4) Slide the baking sheet in the oven, and keep an eye on it. Verily I say unto you, this will only take a minute. The slices in the back will naturally toast quicker than those in the front, so as soon as I see the front slices starting to brown, I give the baking sheet a turnaround for even toastage.
5) Put these toasties on a plate, spoon on a bit of the bruschetta, and naturally, put that shit in your face. Say Mmmm while you do so.
Should feed 6-8 faces.
January 9, 2012 § 7 Comments
Can you call roasted potato fries “fries”? Does that even count?
I wanted to call these “Sweet Potato Roasts,” but I feel like that would mislead people. A “roast” generally means a big thick of beef, which these are not. A “bake” seems to be reserved for various sorts of casseroles. And we’re not baking anyway, because there actually is a definitive difference between baking and roasting, n00b.

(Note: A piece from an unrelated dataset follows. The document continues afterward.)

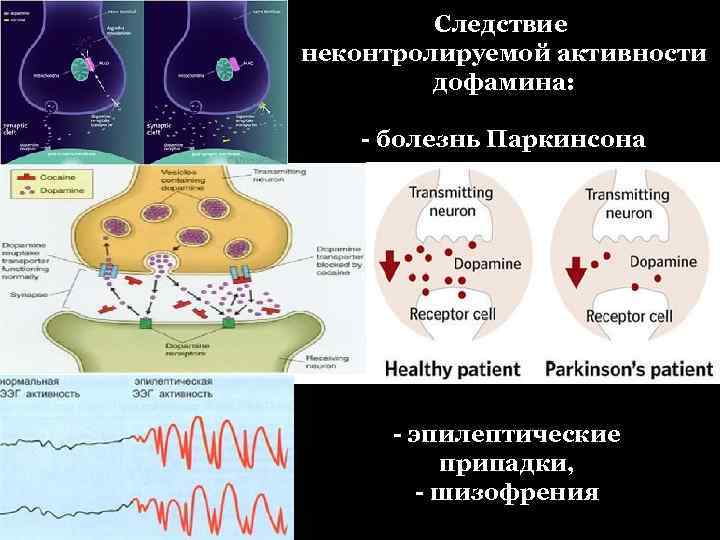 Следствие неконтролируемой активности дофамина: - болезнь Паркинсона - эпилептические припадки, - шизофрения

So, here’s a recipe for roasted sweet potato fries, because evidently “fries” just means “thin strips of potatoes” these days, no matter whether they’re baked, grilled, actually fried, or even shoved up your ass (which I wouldn’t advise).
Roasted Sweet Potato “Fries”
|What You’ll Need||How Much|
|large sweet potatoes||2 potatoes|
|dried oregano||1 t|
|dried thyme||1 t|
|dried basil||1 t|
|fresh cracked pepper||1/2 t|
|extra virgin olive oil||to coat, 1-2 T|
What You’ll Do
1) Preheat the oven to 425F.
2) Wash the potatoes, because we’re clean here, and cut them into strips about a 1/4-inch thick.
3) Soak in cold water for 30 minutes, then dry thoroughly with paper towels.
4) Put the strips of potatoes in a large bowl. Add olive oil, oregano, thyme, basil, salt, and pepper. Toss to coat evenly.
5) Dump all this into a baking pan (metal recommended; save the Pyrex for casseroles). It’s the heat of the pan that gets them to crisp up a bit, so try to get as many strips as possible to lay flat against the pan. Be careful of overcrowding, which causes the soggies instead of the crispies.
6) Chuck this into the oven on the bottom rack, and set a timer for 20 minutes. Pull it out, and flip them over. This distributes the crispiness and prevents your bottoms burning.
7) Roast for another 10-15 minutes.
7) And of course, plate them up, grab some ketchup (or mayo if you’re gross*), and put them in your face.
Should feed 3-4 faces.
*Actually, I’ve never tried it, but I bet an aioli could be conceived to pair well with these. But aioli doesn’t count as mayo to me.